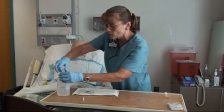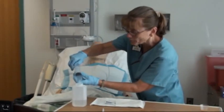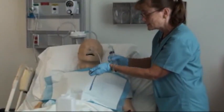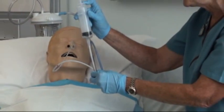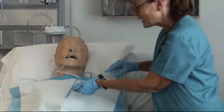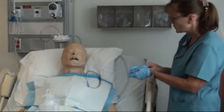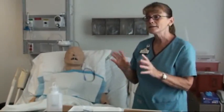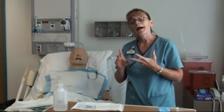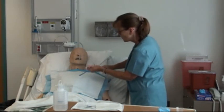Depending on your facility's policy, irrigate with 30 mL of water. Clamp off, remove the plug, insert the syringe — it's now a closed system — and slowly irrigate the tube, then clamp it back off. Once everything looks good, connect to suction. Suction may be continuous or intermittent, low or medium, depending on the doctor's orders. In this case, it's intermittent low suction.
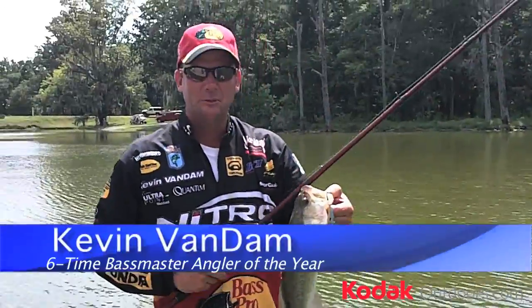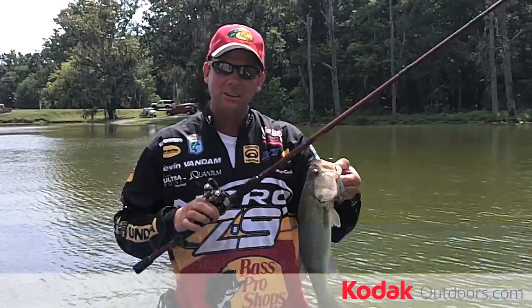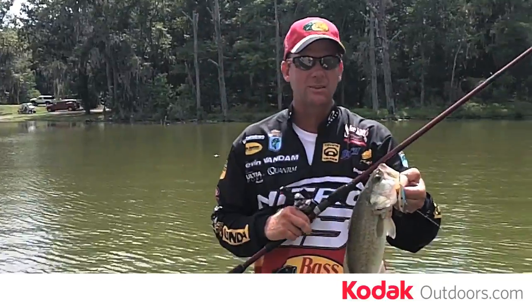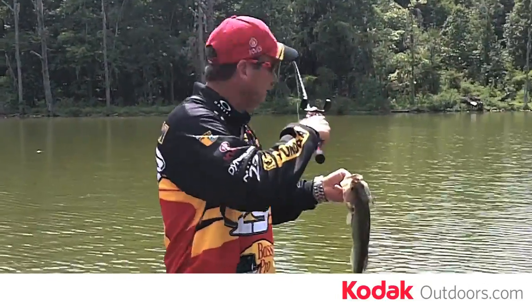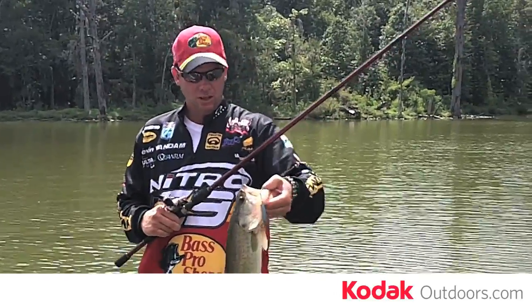I've seen a lot of bad pictures of fishermen with fish. If you want to learn how to make your fish look a lot better, listen to these couple of tips I've learned over the years. First off, when you catch a two-pounder like this, you want to make it look a little bit bigger. Be aware of your background first and foremost — you don't want a cluttered background.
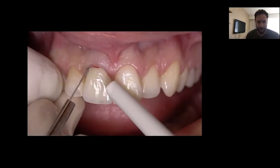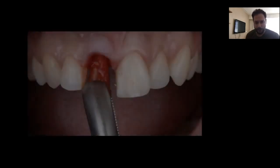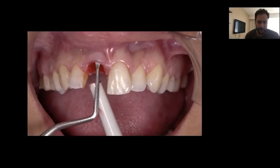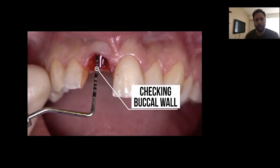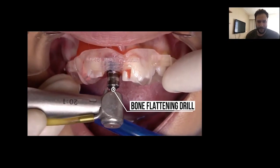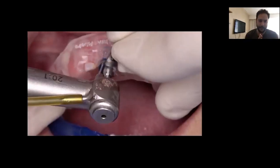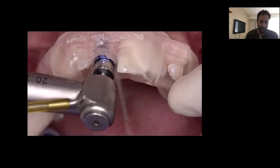We carefully proceed with the removal of the tooth, taking care of the soft tissues. We probe the buccal wall and confirm it is intact. Then we check the fitting of our surgical guide — it fits perfectly on the tooth, and through the windows of the surgical guide we can see how the guide is perfectly immobilized in the correct position.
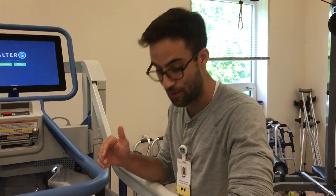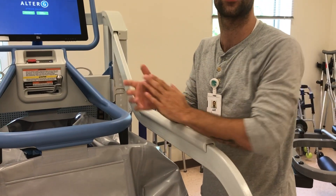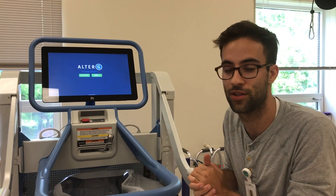A lot of people fear treadmills because they see the belt just going and going and feel like they won't be able to walk fast enough. It turns out we don't even have to turn the treadmill belt on. You can just do static balance activities, reaching activities, and dynamic activities without the belt on.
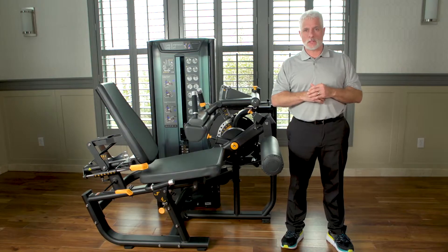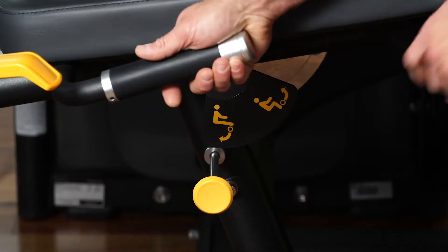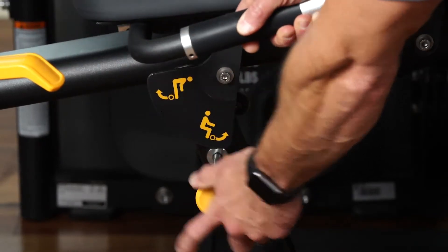One of the biggest keys on a leg extension or leg curl is the joint angle and the joint axis. This machine provides you with the ability to line that up whether you're doing a leg extension or leg curl.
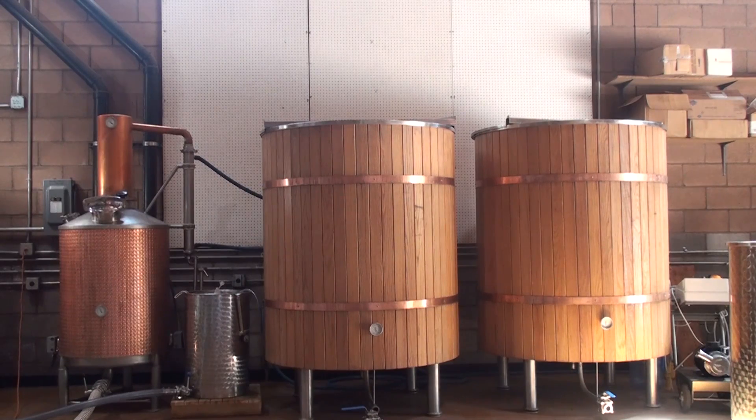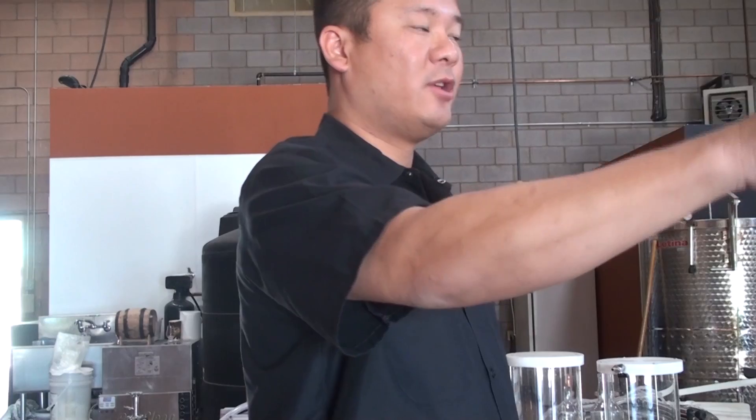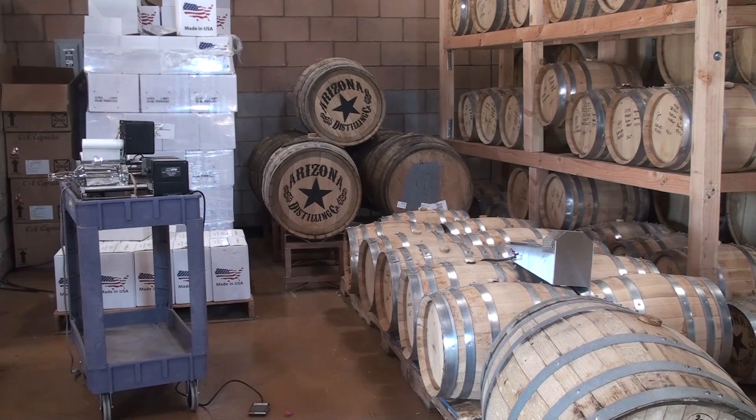The whole process basically starts with the hammer mill, hammering all the different grains into the boiler where you create a slurry. Ideally you're making almost like a high-proof beer, and then from that process you are distilling it through the stills to make whatever product you're making.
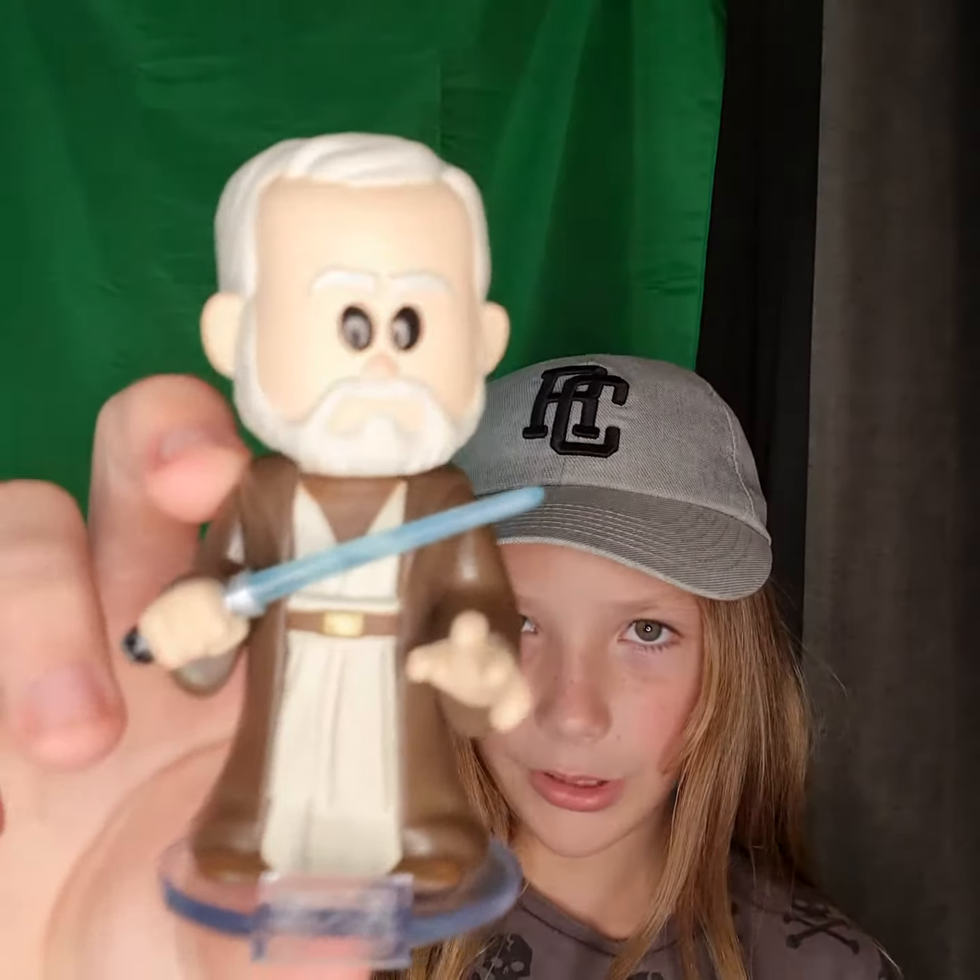Which is kind of annoying. But this is really cool guys, I really like that lightsaber. I've never opened up a Star Wars soda, never opened up anything like this — it's sick.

GOAL OF THE EXERCISE → What is needed is every line of the data above, set down exactly but with the images left out.

OUTPUT FOR THIS EXERCISE →
Depending on your facility's policy, irrigate with 30 mL of water. Clamp off, remove the plug, insert the syringe — it's now a closed system — and slowly irrigate the tube, then clamp it back off. Once everything looks good, connect to suction. Suction may be continuous or intermittent, low or medium, depending on the doctor's orders. In this case, it's intermittent low suction.
I've seen a lot of bad pictures of fishermen with fish. If you want to learn how to make your fish look a lot better, listen to these couple of tips I've learned over the years. First off, when you catch a two-pounder like this, you want to make it look a little bit bigger. Be aware of your background first and foremost — you don't want a cluttered background.
We carefully proceed with the removal of the tooth, taking care of the soft tissues. We probe the buccal wall and confirm it is intact. Then we check the fitting of our surgical guide — it fits perfectly on the tooth, and through the windows of the surgical guide we can see how the guide is perfectly immobilized in the correct position.
A lot of people fear treadmills because they see the belt just going and going and feel like they won't be able to walk fast enough. It turns out we don't even have to turn the treadmill belt on. You can just do static balance activities, reaching activities, and dynamic activities without the belt on.
One of the biggest keys on a leg extension or leg curl is the joint angle and the joint axis. This machine provides you with the ability to line that up whether you're doing a leg extension or leg curl.
The whole process basically starts with the hammer mill, hammering all the different grains into the boiler where you create a slurry. Ideally you're making almost like a high-proof beer, and then from that process you are distilling it through the stills to make whatever product you're making.
Which is kind of annoying. But this is really cool guys, I really like that lightsaber. I've never opened up a Star Wars soda, never opened up anything like this — it's sick.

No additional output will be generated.